Боб глянул на Абдикарима. Вероятно, этот человек выступал свидетелем в суде, но точно Боб не помнил.
– У него все хорошо? – спросил Абдикарим. – Он у отца? А домой вернется? Ему ведь, наверное, уже можно возвращаться домой.
– Он приезжает завтра, – ответил Боб и добавил: – Но вы не волнуйтесь. Зак все понял и исправился.
Последнее он произнес чересчур громко – как люди обычно говорят глухим и иностранцам. Маргарет Эставер закатила глаза.
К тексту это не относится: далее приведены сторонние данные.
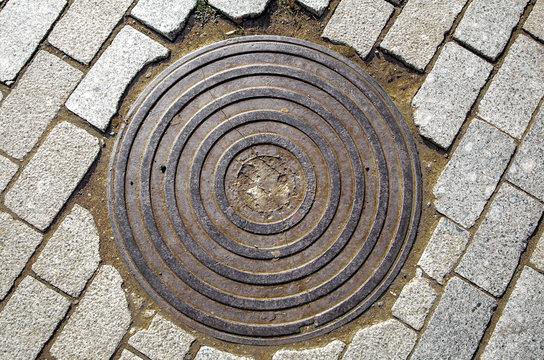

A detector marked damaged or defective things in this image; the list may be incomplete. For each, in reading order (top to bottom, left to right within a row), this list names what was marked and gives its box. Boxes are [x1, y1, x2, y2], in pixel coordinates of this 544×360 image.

– Вернется домой!.. – Известие Абдикарима явно обрадовало. – Очень хорошо, очень хорошо. – Он снова пожал Бобу руку. – Рад познакомиться. Всех благ мальчику.
Дождавшись, когда он отойдет подальше, Маргарет сообщила:
– Это Абдикарим убедил своих простить Зака.
Она привела Боба в свой кабинет. Он навсегда запомнил, как она потянулась к лампе, и комнату залил теплый свет, а за окнами сгущались осенние сумерки. Боб не знал, в какой именно момент он понял, что дальнейшую жизнь будет строить с этой женщиной, но это вполне мог быть именно этот момент – яркий свет лампы, вместивший в себя тепло сердца Абдикарима и вообще тепло Ширли-Фоллс. Они говорили недолго и исключительно о других. Она пожелала Бобу удачно решить проблему с Джимом и встретить Зака, он пообещал ей потом обо всем рассказать. Провожать его она не стала.
– Все очень плохо, – шепотом сообщила Сьюзан, кивнув на гостиную. – Он ей уже три раза звонил, она не берет трубку. Зак только что написал, говорит, очень соскучился и ужасно рад, что вы приехали. Хоть что-то хорошо.
Боб прошел в гостиную и сел напротив Джима.
– Значит так, вот что тебе надо делать. Езжай в Парк-Слоуп, садись на крыльцо и сиди там днями и ночами, пока она тебя не впустит.
– Она вызовет полицию. – Джим отсутствующим взглядом смотрел на ковер, опираясь подбородком на кулак.
– Пускай. В конце концов, это твой дом.
– Она получит охранный ордер[13].
– Ты ведь ее не бил. Не бил ведь?
Джим поднял глаза от ковра.
– Да брось ты, Боб. Конечно, нет. И всю одежду из окна не выбрасывал.
– Хорошо, – сказал Боб. – Хорошо.
С утра миссис Дринкуотер подслушивала на лестнице.
– Надо же, – шептала она беззвучно, потому что дети говорили об удивительных вещах.
В ее понимании все трое были детьми, она буквально слышала в их голосах детский лепет, особенно у Сьюзан – как будто, лишившись супруга и потомков, человек возвращается в детство. Они обсуждали будущее Зака (мальчик собирался в колледж), кризис в семье Джима (он все испортил, и теперь только одна дочь вообще соглашается с ним разговаривать) и жизнь Сьюзан (она подумывала записаться на курсы рисования, что особенно поразило миссис Дринкуотер – кто бы мог подумать, что Сьюзан мечтает рисовать!)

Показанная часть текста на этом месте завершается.